Sistem partai politik atau sistem kepartaian merupakan pola perilaku dan interaksi di
antara sejumlah partai politik dalam suatu sistem politik. Menurut Andrew Heywood, sistem
partai politik merupakan sebuah jaringan dari hubungan dan interaksi antara politik di dalam
sebuah sistem politik yang berjalan di suatu negara.1 Tidak hanya mengenai interaksi antara
partai politik, sistem kepartaian juga dapat menganalisis interaksi partai politik dengan unsur
lainnya di sistem politik, contohnya interaksi antara partai politik dengan pemerintah.

Terdapat empat pendekatan dalam memahami sistem kepartaian di sebuah negara, yaitu
pertama berdasarkan jumlah partai, kedua berdasarkan kekuataan relatif dan besaran partai,
ketiga berdasarkan formasi pemerintahan, dan keempat berdasarkan jarak ideologi partai.2
Menurut Maurice Duverger terdapat tiga kategori sistem kepartaian, yaitu sistem partai-tunggal,
sistem dwipartai, dan sistem multipartai. Berikut uraian mengenai ketiga sistem kepartaian
tersebut.3

1
Andrew Heywood, politics fourth edition (New York: Palgrave Macmillan, 2013), h.248.
2
Fajlurrahman Jurdi, Pengantar Hukum Partai Politik (Jakarta: Kencana, 2020), h.149-150.
3
Ramlan Subakti, Memahami Ilmu Politik (Jakarta: PT Grasindo, 1992), h.124.
a. Sistem Partai Tunggal
Sistem partai tunggal atau sistem satu partai memiliki dua pengertian, yaitu yang
pertama di dalam suatu negara memang benar hanya terdapat satu partai politik, dan yang
kedua yaitu di dalam suatu negara terdapat beberapa partai tetapi hanya satu partai
dominan dan partai lainnya hanya sebuah pelengkap. Kondisi kepartaian negara yang
menganut sistem ini kurang kompetitif karena semua partai harus taat dan menerima
dipimpin oleh partai dominan serta tidak dikenankan untuk bersaing dengan partai
dominan tersebut. Sistem partai tunggal biasanya digunakan oleh negara yang baru saja
merdeka dari kolonialisme yang tujuannya untuk menghadapi masalah integrasi nasional
dan keterbelakangan ekonomi. Sebab dikhawatirkan jika keragaman sosial dan budaya
yang masih belum diatur dengan baik akan menimbulkan konflik sosial politik dan
menghambat usaha pembangunan pascakemerdekaan.

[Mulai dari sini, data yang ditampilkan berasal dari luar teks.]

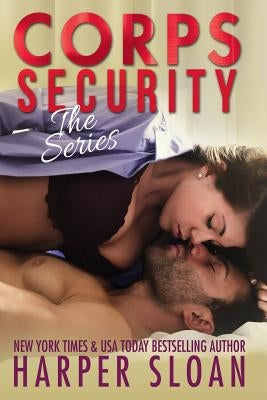 Corps Security: The Series by Sloan, Harper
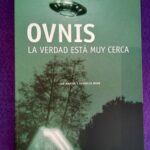 OVNIS: La verdad está muy cerca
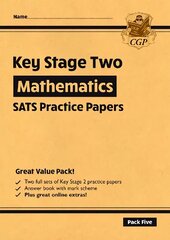 New KS2 Maths SATS Practice Papers: Pack 5 - for the 2023 tests (with free Online Extras) hind ja info | Noortekirjandus | kaup24.ee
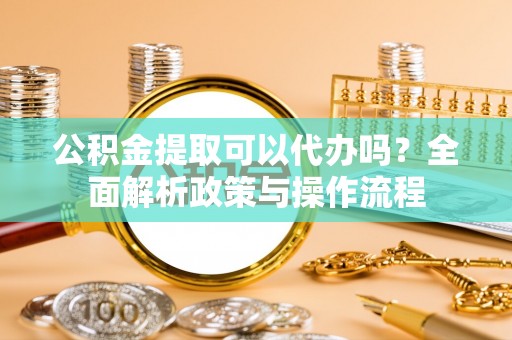 盘山公积金提取可以代办吗？全面解析政策与操作流程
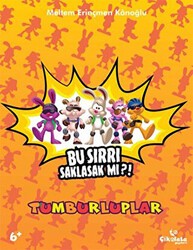 Tumburluplar - Bu Sırrı Saklasak mı?! - Çikolata Yayınevi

Dari beberapa kasus, partai tunggal biasanya digunakan oleh penguasa atau
pimpinan partai dominan sebagai alat mobilisasi masyarakat untuk mendukung kebijakan
yang dibuat partai tunggal. Pergerakan partai-partai politik yang menjadi partai minoritas
juga dibatasi. Partai politik yang menjadi partai tunggal tidak hanya menguasai sistem
kepartaian di negaranya, tetapi juga bangku pemerintahan. militer, dan seluruh aspek
kehidupan masyarakat. Negara yang menganut sistem partai tunggal yaitu Vietnam
dengan Partai Komunis Vietnam, Republik Kuba dengan Partai Komunis Kuba, dan Laos
dengan Partai Revolusioner Rakyat Laos.
b. Sistem Dwipartai
Pada sistem kepartaian dwipartai terdapat dua partai yang bersaing untuk meraih
dan mempertahankan kewenangan pemerintahan melalui pemilihan umum, Pada sistem
ini terbentuk pembagian tugas untuk kedua partai yaitu, partai yang memenangkan
pemilihan umum akan menjadi partai pemerintah, sedangkan partai yang kalah dalam
pemilihan umum akan menjadi kekuatan oposisi dengan mengoreksi jalannya
pemerintahan agar lebih baik. Partai yang kalah dalam pemilihan umum akan melakukan
kontrol atas partai yang menang dalam pemilihan umum tetapi partai yang kalah harus
tetap menerima dan setia atas hasil pemilihan umum dan pemerintahan.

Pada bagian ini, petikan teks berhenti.